Information extraction from biological publications

Achievements in biological research worldwide manifest themselves in the form of patents, publications (at present, MedLine database in itself contains over 12 million publications). This exponentially growing set of documents contains a lot of useful information, which is, however, "hidden" in the text. The objective of computational linguistics (text mining) is to extract these pieces of information automatically.

The target information is usually biological entities (genes, proteins, DNA, etc) and the relationships among them. Our system for biomolecular event extraction participated in the BioNLP'09 Shared Task on Event Extraction.

Detecting uncertain and negative assertions is essential in most Text Mining tasks where in general, the aim is to derive factual knowledge from textual data. This is especially so for many tasks in the biomedical (medical and biological) domain, where these language forms are used extensively in textual documents and are intended to express impressions, hypothesised explanations of experimental results or negative findings. In biological interaction extraction, the aim is to mine text evidence for biological entities with certain relations between them. Here, while an uncertain relation or the non-existence of a relation might be of some interest for an end-user as well, such information must not be confused with real textual evidence. To support the recognition of speculative and negated content in biological papers and medical documents, we constructed the BioScope corpus which is also the training corpus of the CoNLL2010 Shared Task (with the title "Learning to detect hedges and their scope in natural language text").

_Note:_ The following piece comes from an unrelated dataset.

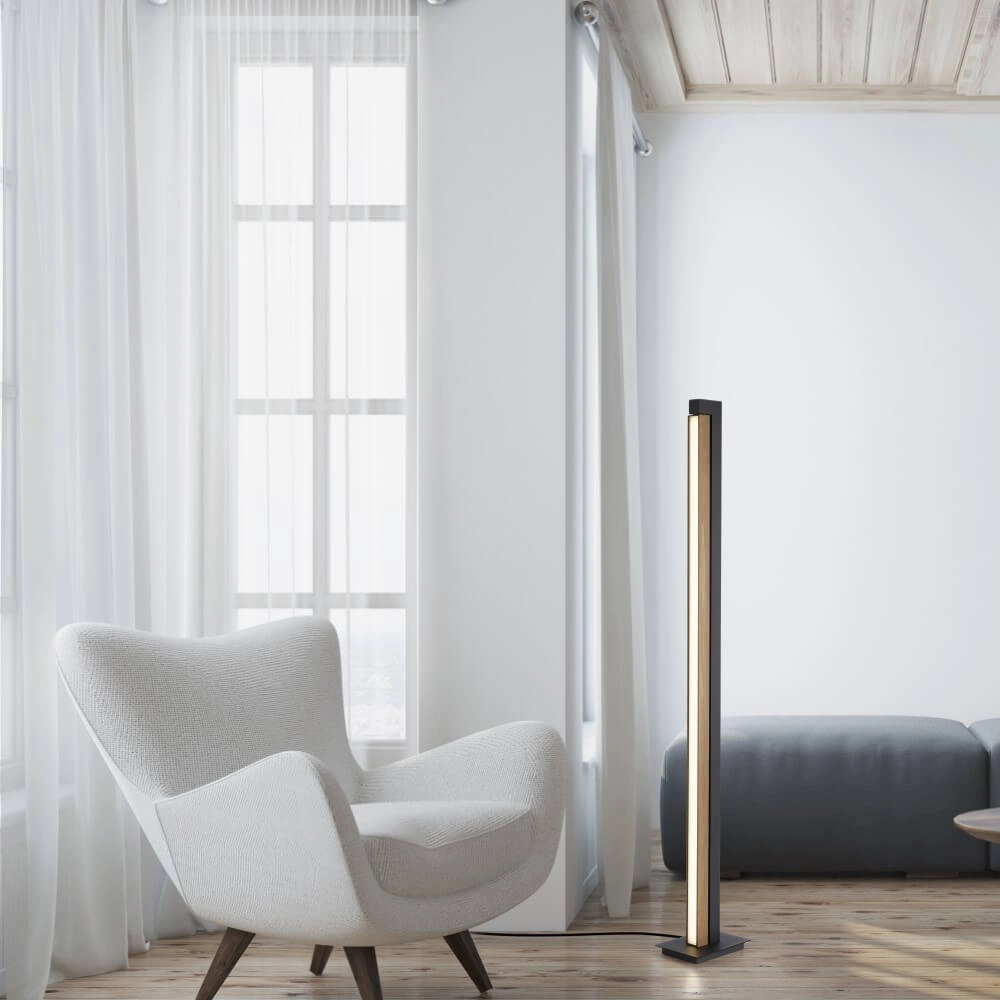 Vloerlamp Pure-Lines hout Paul Neuhaus 4012248375754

For reliable information extraction, disambiguation of biological and other terminologies is the primary preprocessing step. Its importance comes from the fact that in the language use of special fields or communities, certain words are integrated into the language of the particular field as a technical term assuming a specific sense. See e.g. MMP-25 human gene name, which research teams use to indicate three different genes. Therefore, the disambiguation of such expressions and the recognition of various linguistic forms and attitudes, such as speculation (conditional), negation, past or future, are of key importance for efficient processing and IE applications, since the very objective of IE is to collect facts and data from textual documents.

References

Richárd Farkas: The strength of co-authorship in gene name disambiguation. BMC Bioinformatics 2008, 9:69.
György Szarvas, Veronika Vincze, Richárd Farkas, György Móra and János Csirik: The BioScope corpus: annotation for negation, uncertainty and their scope in biomedical texts. BMC Bioinformatics 2008, 9(Suppl 11):S9.
György Móra, Richárd Farkas, György Szarvas, Zsolt Molnár: Exploring ways beyond the simple supervised learning approach for biological event extraction. In: Proceedings of BioNLP 2009 (NAACL workshop).